(DATA EXTRACT)
"""
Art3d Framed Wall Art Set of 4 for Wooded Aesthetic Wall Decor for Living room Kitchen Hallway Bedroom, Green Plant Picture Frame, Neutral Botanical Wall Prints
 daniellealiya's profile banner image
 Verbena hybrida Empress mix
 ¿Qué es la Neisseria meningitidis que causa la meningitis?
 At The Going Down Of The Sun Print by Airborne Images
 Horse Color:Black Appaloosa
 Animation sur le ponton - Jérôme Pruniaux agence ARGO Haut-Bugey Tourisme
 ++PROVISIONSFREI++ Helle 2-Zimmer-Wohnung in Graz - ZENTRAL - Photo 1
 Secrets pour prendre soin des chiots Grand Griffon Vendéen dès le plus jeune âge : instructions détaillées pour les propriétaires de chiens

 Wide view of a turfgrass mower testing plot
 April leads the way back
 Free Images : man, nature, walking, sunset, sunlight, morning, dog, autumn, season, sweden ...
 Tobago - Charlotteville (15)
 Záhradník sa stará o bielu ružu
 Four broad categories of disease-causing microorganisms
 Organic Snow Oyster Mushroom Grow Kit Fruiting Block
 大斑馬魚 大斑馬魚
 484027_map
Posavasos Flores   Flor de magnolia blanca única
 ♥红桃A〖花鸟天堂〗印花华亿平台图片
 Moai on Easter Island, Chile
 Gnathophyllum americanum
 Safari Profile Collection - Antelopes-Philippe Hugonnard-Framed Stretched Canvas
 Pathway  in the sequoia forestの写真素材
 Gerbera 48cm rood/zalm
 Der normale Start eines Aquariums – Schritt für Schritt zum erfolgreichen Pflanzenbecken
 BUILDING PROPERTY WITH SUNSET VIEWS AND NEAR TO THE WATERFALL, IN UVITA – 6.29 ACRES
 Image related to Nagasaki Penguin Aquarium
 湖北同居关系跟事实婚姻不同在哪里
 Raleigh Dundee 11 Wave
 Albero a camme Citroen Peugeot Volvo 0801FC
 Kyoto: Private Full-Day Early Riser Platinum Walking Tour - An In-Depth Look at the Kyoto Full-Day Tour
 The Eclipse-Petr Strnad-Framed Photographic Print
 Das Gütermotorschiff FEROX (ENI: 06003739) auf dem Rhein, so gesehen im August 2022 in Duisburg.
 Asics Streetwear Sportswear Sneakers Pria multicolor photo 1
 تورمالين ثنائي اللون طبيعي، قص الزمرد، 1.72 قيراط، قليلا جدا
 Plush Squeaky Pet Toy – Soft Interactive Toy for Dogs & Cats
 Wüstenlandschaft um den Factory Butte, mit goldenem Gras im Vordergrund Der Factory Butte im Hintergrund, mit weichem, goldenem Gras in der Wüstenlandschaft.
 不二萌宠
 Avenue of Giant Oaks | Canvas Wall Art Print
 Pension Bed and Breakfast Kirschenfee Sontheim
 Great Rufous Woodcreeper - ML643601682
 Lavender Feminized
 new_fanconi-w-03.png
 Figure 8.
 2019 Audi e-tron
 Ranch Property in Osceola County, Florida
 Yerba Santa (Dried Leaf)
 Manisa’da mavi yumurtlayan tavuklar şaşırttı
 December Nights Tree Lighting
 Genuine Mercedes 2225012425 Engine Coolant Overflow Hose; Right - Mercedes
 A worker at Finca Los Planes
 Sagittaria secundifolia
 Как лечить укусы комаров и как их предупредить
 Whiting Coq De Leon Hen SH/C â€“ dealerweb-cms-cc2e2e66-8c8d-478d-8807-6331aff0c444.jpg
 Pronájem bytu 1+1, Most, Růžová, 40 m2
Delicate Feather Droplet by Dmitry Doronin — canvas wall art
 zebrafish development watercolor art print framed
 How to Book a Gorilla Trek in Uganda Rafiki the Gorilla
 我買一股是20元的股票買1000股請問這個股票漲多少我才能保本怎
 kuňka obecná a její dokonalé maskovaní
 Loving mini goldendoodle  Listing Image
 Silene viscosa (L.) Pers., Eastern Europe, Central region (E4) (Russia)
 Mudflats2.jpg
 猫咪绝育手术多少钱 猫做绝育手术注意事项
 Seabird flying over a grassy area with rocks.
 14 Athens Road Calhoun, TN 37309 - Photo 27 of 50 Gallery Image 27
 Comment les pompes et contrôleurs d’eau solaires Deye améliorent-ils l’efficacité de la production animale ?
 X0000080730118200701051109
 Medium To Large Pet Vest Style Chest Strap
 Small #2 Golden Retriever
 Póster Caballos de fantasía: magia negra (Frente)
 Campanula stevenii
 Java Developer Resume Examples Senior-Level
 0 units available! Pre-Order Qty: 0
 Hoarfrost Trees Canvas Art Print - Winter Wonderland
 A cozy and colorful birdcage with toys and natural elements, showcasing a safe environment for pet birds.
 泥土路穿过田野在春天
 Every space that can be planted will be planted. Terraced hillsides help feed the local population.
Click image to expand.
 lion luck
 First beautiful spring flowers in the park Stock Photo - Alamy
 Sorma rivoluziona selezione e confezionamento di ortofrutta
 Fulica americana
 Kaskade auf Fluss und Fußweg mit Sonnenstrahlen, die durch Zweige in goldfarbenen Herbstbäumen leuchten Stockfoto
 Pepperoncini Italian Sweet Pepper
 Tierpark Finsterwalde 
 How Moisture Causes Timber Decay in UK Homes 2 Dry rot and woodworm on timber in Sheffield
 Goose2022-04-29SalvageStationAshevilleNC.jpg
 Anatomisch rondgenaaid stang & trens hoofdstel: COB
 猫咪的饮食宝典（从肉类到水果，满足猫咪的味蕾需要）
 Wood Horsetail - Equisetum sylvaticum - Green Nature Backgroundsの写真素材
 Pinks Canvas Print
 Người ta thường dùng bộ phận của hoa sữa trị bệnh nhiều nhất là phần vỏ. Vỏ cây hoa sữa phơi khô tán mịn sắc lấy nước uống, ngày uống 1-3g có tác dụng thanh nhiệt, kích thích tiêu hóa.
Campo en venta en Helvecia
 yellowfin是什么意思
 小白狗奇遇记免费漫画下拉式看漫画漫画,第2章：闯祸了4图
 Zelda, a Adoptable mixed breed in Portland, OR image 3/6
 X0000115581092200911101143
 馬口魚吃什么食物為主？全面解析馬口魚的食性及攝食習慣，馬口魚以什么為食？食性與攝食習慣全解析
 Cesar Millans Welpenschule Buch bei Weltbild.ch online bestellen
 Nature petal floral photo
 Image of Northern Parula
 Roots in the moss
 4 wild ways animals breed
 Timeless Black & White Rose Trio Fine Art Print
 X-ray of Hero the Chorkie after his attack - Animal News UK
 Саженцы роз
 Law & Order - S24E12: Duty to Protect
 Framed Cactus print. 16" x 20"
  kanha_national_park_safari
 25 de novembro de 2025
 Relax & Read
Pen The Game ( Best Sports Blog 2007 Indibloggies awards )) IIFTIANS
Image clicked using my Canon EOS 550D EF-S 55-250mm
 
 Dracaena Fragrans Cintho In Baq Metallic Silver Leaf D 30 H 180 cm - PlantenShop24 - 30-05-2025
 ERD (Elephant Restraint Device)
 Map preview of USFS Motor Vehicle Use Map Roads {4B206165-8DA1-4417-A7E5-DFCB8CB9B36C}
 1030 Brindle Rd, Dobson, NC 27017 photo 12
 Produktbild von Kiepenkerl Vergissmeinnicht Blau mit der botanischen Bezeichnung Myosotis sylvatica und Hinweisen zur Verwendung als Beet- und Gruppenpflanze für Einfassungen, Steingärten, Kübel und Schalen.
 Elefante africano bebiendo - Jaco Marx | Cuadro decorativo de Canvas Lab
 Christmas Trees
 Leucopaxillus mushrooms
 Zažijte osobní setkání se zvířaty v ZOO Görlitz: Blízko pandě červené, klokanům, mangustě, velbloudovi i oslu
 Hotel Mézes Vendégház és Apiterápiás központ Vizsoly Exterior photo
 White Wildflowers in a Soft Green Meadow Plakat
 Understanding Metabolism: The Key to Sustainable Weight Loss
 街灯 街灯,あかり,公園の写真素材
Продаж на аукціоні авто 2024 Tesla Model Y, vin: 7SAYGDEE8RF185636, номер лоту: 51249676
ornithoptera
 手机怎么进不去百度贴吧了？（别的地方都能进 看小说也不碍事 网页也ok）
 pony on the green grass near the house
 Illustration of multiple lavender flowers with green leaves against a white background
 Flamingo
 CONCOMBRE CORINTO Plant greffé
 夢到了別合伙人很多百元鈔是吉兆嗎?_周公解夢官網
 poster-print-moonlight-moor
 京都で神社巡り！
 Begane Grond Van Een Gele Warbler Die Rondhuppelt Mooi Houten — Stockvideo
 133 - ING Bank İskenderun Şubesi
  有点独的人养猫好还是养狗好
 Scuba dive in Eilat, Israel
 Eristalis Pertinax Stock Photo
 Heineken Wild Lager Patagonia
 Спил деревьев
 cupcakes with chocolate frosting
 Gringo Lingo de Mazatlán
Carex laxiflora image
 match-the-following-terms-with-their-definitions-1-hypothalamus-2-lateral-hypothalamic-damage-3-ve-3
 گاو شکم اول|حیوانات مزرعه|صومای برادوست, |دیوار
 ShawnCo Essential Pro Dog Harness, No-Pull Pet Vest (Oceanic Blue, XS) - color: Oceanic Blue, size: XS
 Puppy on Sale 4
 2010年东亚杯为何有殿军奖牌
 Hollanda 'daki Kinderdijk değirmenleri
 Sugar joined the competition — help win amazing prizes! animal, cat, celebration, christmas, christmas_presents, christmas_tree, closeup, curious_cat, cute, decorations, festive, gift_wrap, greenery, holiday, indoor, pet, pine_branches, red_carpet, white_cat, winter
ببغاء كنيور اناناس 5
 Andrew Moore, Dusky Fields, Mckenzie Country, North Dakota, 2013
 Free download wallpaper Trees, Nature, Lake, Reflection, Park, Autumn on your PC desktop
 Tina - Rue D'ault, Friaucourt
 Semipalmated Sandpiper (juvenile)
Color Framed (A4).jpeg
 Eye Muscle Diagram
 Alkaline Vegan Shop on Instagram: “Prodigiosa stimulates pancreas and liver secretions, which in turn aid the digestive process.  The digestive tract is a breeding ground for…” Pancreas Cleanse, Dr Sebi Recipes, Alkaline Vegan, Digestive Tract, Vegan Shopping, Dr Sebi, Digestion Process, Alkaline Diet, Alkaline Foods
"""
(WHAT YOU ARE ASKED TO DO) From the data above, output exactly the lines between the one containing "daniellealiya's profile banner image" and the one containing "Safari Profile Collection", counting both of them.

(EXERCISE RESPONSE)
 daniellealiya's profile banner image
 Verbena hybrida Empress mix
 ¿Qué es la Neisseria meningitidis que causa la meningitis?
 At The Going Down Of The Sun Print by Airborne Images
 Horse Color:Black Appaloosa
 Animation sur le ponton - Jérôme Pruniaux agence ARGO Haut-Bugey Tourisme
 ++PROVISIONSFREI++ Helle 2-Zimmer-Wohnung in Graz - ZENTRAL - Photo 1
 Secrets pour prendre soin des chiots Grand Griffon Vendéen dès le plus jeune âge : instructions détaillées pour les propriétaires de chiens

 Wide view of a turfgrass mower testing plot
 April leads the way back
 Free Images : man, nature, walking, sunset, sunlight, morning, dog, autumn, season, sweden ...
 Tobago - Charlotteville (15)
 Záhradník sa stará o bielu ružu
 Four broad categories of disease-causing microorganisms
 Organic Snow Oyster Mushroom Grow Kit Fruiting Block
 大斑馬魚 大斑馬魚
 484027_map
Posavasos Flores   Flor de magnolia blanca única
 ♥红桃A〖花鸟天堂〗印花华亿平台图片
 Moai on Easter Island, Chile
 Gnathophyllum americanum
 Safari Profile Collection - Antelopes-Philippe Hugonnard-Framed Stretched Canvas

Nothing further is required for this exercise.